## [Given data]
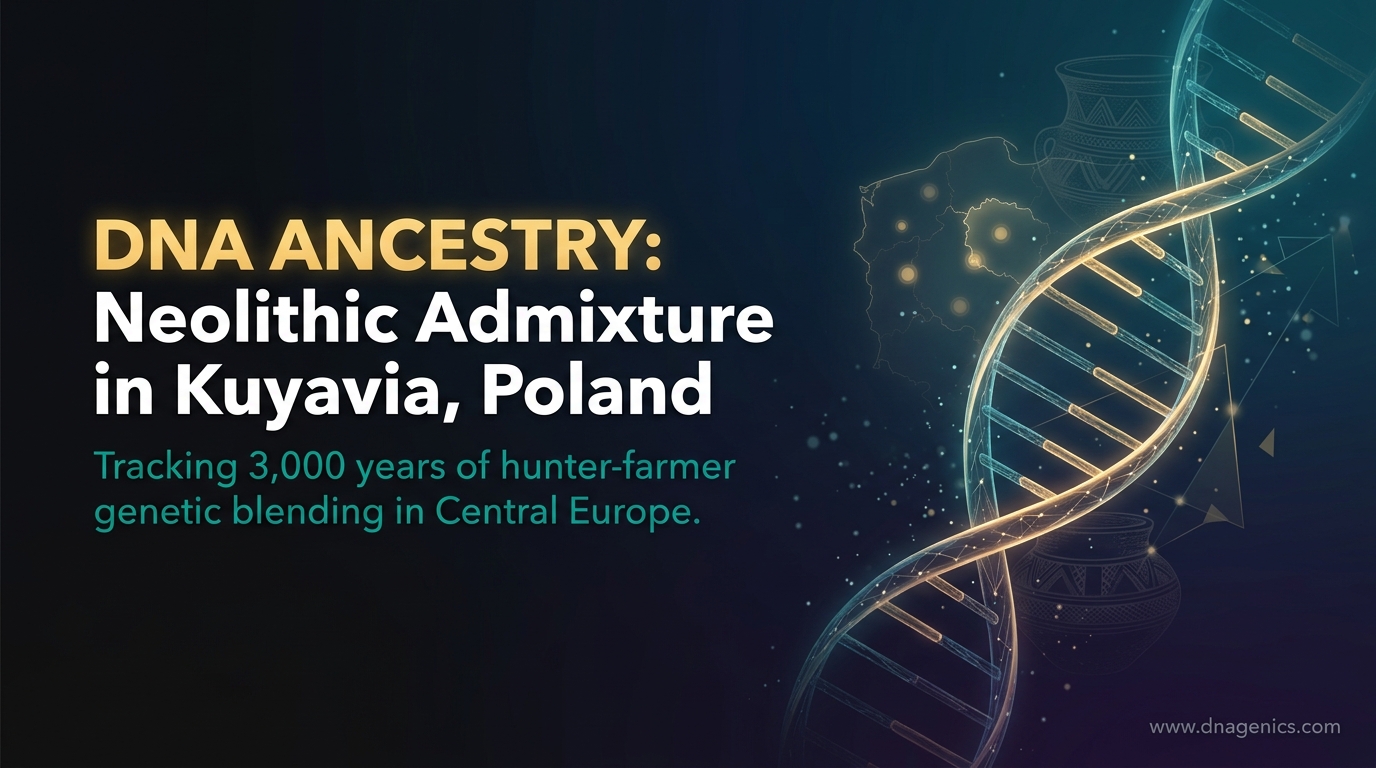 DNA ancestry infographic showing Neolithic hunter-farmer admixture in Kuyavia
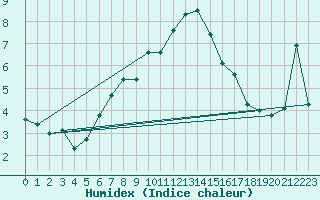 Courbe de l'humidex pour Visingsoe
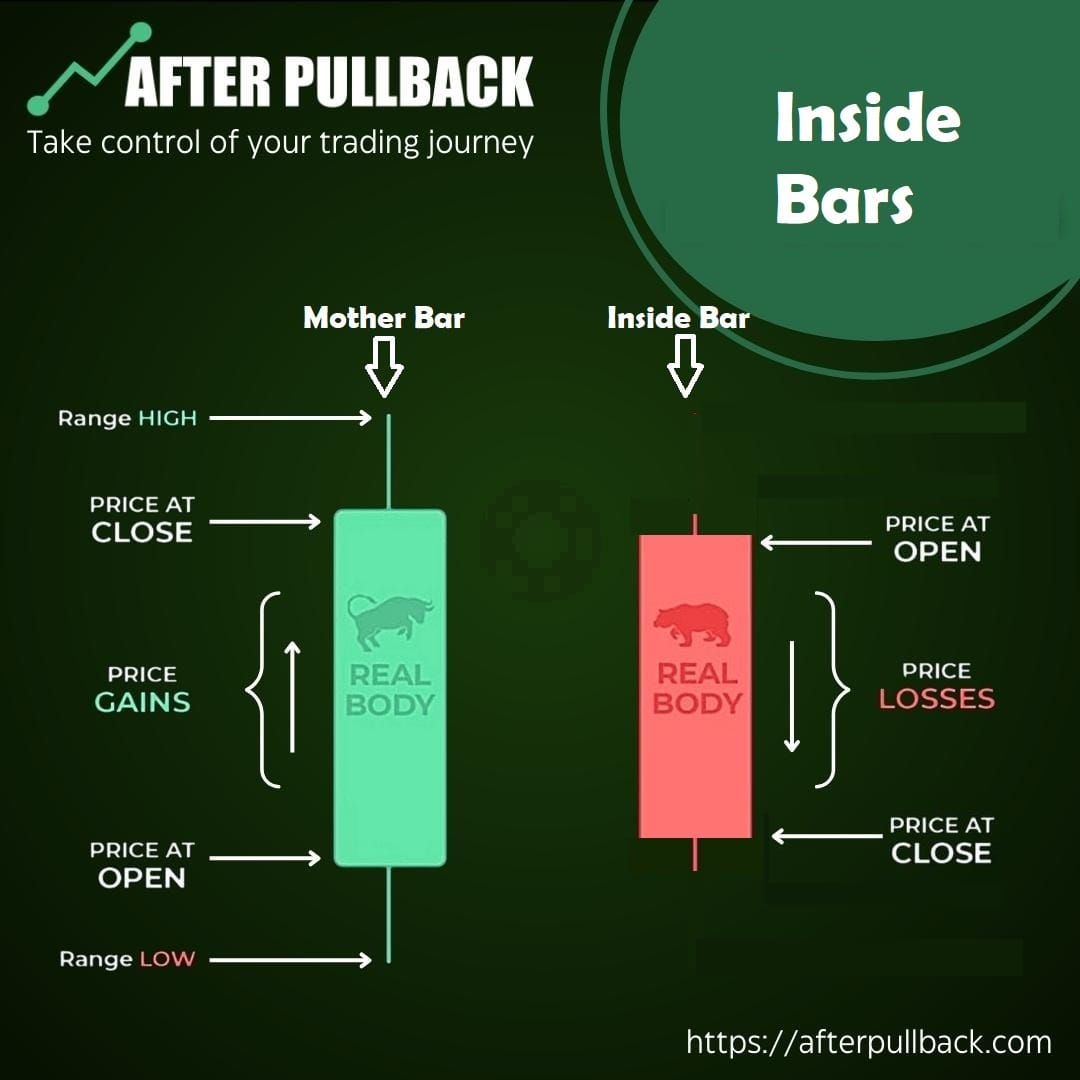 Inside Bars: What They Are and How Intraday Scanners Identify Them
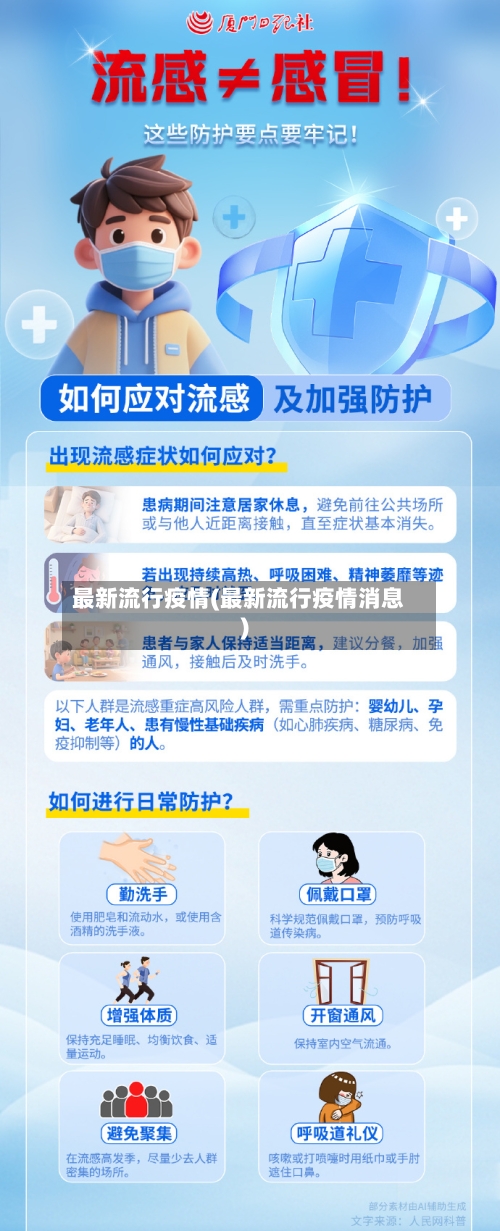 最新流行疫情(最新流行疫情消息)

## [Task details]
Everything in the listing above except the pictures should be duplicated exactly.

## [Expected output]
 DNA ancestry infographic showing Neolithic hunter-farmer admixture in Kuyavia
 Courbe de l'humidex pour Visingsoe
 Inside Bars: What They Are and How Intraday Scanners Identify Them
 最新流行疫情(最新流行疫情消息)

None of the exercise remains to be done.